Le paradoxe de la musique électronique en Corse


Loin des idées reçues, la musique électronique est présente en Corse depuis les années 1990.Les établissements mythiques insulaires précurseurs ont su très tôt capter les fêtards du monde entier en recevant les plus grands DJ, et la magie de l'électro opère toujours sur les plages.
Le festival Calv
i on the rocks fondé en 2003 a été une véritable locomotive de promotion des musiques électroniques en Corse. Il a suscité des vocations locales.
20 ans après, un autre festival électro a vu le jour à Saint Florent, Soluna, autour de DJ's de renommée internationale, il propose un environnement sécurisé, chic et écoresponsable.

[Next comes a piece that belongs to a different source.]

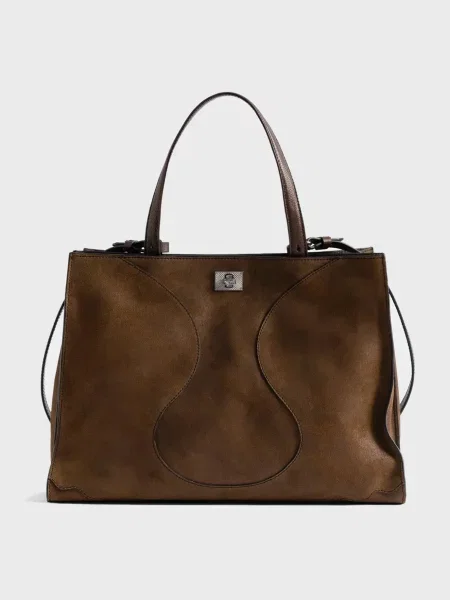 Замшева сумка Zadig&voltaire коричнева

Là aussi, l'organisation de ce type d'événements majeurs, avec de nombreux prestataires et techniciens insulaires, représente une véritable aubaine pour l'emploi et l'économie.
Cependant, dans ce domaine où la nuit brille, il y a peu d'élus, et nombre de travailleurs pauvres au statut précaire multiplient les heures pour de faibles cachets.

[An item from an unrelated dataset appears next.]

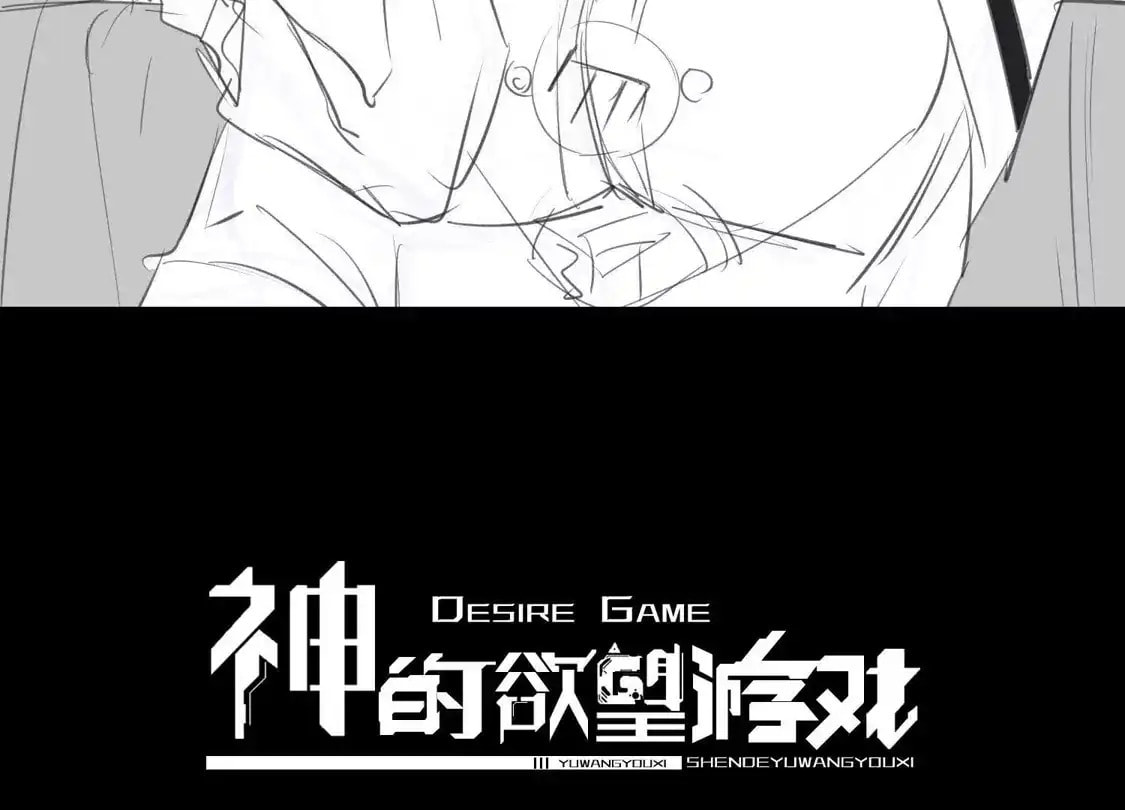 Desire Game Chapter 149 page 147 -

Certains ont choisi de créer en dehors de tout circuit commercial comme le pionnier ajaccien Emmanuel Denis.Ce compositeur de symphonies électroniques travaille dans son Home-studio avec ses synthétiseurs, il a un regard sage sur l'évolution des nouveaux courants musicaux en Corse et il est conscient de la difficulté : « C'est surtout une question de réseaux » nous confie-t-il, lui qui multiplie les appels à projet auprès des collectivités et qui voit beaucoup d'artistes extérieurs à la Corse retenus. On lui a même conseillé de partir sur le continent pour réussir avant de revenir. Nul n'est prophète en son pays !
A y regarder de plus près, certaines municipalités ont accru ces dernières années leur offre de programmation électronique.

A Bastia, le festival d'arts sonores Zone Libre a vu le jour il y a 6 ans. Il propose des découvertes sonores mélangeant des thèmes très conceptuels et élitistes, dans différents lieux de la cité. Peu d'artistes insulaires présents, faible écho populaire, et un vrai décalage avec la réalité sociale. Bastia cherche son équilibre.
Pour autant la ville opère une politique volontariste, par le biais des musiques émergentes, de prise en considération de l'inclusion et des différences ; si difficile à faire accepter pour ceux qui y voient une déviance wokiste.

Cet été, un concert entièrement dédiée à la musique électronique a été organisé aux jardins de l'annonciade, avec le légendaire DJ et producteur, Etienne de Crécy. Un air de liberté pour la génération alpha émergente qui a ses habitudes dans ce parc et ne se retrouve pas dans les traditions.

Tout cela nous montre l'importance des nouveaux courants musicaux sur l'économie insulaire et l'attrait touristique qu'ils représentent, l'orientation de certains appels d'offres et budgets publics, mais cela nous montre aussi le fossé entre les acteurs locaux, artistes, producteurs, ingé-sons, qui vivent leur passion sans financement, quasi envers et contre tous.Comme si la Corse ne savait pas reconnaître les valeurs des siens, enfin dans certains salons.